1. Process Metrics :
Process metrics are the measures of the development process that creates a body of software. A common example of a process metric is the length of time that the process of software creation tasks.
Based on the assumption that the quality of the product is a direct function of the process, process metrics can be used to estimate, monitor, and improve the reliability and quality of software. ISO- 9000 certification, or “Quality Management Standards“, is the generic reference for a family of standards developed by the International Standard Organization (ISO).
Often, process metrics are tools of management in its attempt to gain insight into the creation of a product that is intangible. Since the software is abstract, there is no visible, traceable artifact from software projects. Objectively tracking progress becomes extremely difficult. Management is interested in measuring progress and productivity and being able to make predictions concerning both.
Process metrics are often collected as part of a model of software development. Models such as Boehm’s COCOMO (Constructive Cost Model) make cost estimations about software projects. Thebaut’s COPMO makes predictions about the need for additional effort on large projects.
Although valuable management tools, process metrics are not directly relevant to program understanding. They are more useful in measuring and predicting such things as resource usage and schedule.
2. People Metrics :
People metrics play an important role in software project management. These are also called personnel metrics. Some authors view resource metrics to include personnel metrics, software metrics, and hardware metrics but most of the authors mainly view resource metrics to consist of personnel metrics only. In the present context, we also assume resource metrics to include mainly personnel metrics.
People metrics quantify useful attributes of those generating the products using the available processes, methods, and tools. These metrics tell you about the attributes like turnover rates, productivity, and absenteeism.

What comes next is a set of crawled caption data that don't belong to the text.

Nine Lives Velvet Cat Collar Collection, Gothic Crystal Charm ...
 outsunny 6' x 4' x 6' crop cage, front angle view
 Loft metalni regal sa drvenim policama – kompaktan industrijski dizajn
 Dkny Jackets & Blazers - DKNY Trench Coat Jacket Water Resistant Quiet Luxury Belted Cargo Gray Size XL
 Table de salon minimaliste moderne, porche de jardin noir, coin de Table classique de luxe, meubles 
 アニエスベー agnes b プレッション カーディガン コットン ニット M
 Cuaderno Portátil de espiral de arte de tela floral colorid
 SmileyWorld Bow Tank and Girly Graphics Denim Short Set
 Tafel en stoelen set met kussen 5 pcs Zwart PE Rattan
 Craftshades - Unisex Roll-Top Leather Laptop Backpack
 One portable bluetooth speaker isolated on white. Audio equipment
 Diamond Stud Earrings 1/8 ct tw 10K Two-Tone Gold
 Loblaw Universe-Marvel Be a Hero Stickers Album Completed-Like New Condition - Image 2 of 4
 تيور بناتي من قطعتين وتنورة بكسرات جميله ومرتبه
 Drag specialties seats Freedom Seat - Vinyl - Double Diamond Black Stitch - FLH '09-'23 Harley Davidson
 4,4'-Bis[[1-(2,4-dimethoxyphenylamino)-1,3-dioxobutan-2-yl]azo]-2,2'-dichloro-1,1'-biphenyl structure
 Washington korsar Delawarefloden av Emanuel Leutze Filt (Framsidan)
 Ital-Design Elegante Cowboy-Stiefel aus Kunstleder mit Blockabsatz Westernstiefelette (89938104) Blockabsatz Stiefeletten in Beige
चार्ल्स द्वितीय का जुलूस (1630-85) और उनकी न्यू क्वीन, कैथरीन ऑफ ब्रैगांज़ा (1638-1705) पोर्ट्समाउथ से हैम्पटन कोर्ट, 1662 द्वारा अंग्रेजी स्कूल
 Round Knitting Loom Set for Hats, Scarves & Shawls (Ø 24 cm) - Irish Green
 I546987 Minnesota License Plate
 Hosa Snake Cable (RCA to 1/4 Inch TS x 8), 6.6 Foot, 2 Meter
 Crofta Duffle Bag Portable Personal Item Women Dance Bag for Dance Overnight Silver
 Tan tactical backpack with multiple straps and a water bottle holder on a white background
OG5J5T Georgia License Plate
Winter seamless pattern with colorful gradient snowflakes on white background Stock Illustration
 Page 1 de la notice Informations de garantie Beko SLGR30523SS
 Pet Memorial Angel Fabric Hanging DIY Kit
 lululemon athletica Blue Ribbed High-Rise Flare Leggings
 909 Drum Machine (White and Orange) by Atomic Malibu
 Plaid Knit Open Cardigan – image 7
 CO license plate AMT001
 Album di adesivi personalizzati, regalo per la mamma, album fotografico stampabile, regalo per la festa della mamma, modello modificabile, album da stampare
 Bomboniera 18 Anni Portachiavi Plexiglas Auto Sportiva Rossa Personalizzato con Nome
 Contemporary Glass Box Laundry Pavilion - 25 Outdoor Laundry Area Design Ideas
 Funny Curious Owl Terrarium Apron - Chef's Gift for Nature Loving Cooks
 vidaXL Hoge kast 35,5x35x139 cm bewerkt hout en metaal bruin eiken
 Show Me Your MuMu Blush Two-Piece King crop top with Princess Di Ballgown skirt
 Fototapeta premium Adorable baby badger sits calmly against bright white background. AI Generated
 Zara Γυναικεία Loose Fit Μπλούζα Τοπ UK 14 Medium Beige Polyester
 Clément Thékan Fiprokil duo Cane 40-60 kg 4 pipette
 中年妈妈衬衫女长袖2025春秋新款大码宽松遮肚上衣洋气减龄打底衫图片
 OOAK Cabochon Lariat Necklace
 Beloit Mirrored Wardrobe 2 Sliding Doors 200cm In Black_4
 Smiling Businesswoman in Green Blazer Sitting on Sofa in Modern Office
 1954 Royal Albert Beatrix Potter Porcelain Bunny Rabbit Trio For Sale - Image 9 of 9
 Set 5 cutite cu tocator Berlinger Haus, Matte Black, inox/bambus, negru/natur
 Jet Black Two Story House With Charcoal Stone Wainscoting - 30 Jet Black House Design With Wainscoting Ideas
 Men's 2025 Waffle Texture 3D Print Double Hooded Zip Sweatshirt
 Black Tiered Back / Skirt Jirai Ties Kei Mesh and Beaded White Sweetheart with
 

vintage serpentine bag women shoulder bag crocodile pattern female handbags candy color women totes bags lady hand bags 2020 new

The goal of the people metrics is to keep staff happy, motivated, and focused on the task at hand. These metrics are as :
Programming Experience Metrics :
- Programming language experience
- Development methods experience
- Management experience
Communication Level Metrics :
- Teamwork experience
- Communication hardware software level.
- Personal availability.
Productivity Metrics :
- Size productivity
- Productivity statistics
- Quality vs. Productivity
Team Structure Metrics :
- Hierarchy metrics.
- Team stability metrics
People metrics are very helpful in assisting the appropriate allocation of resources amongst various software project activities.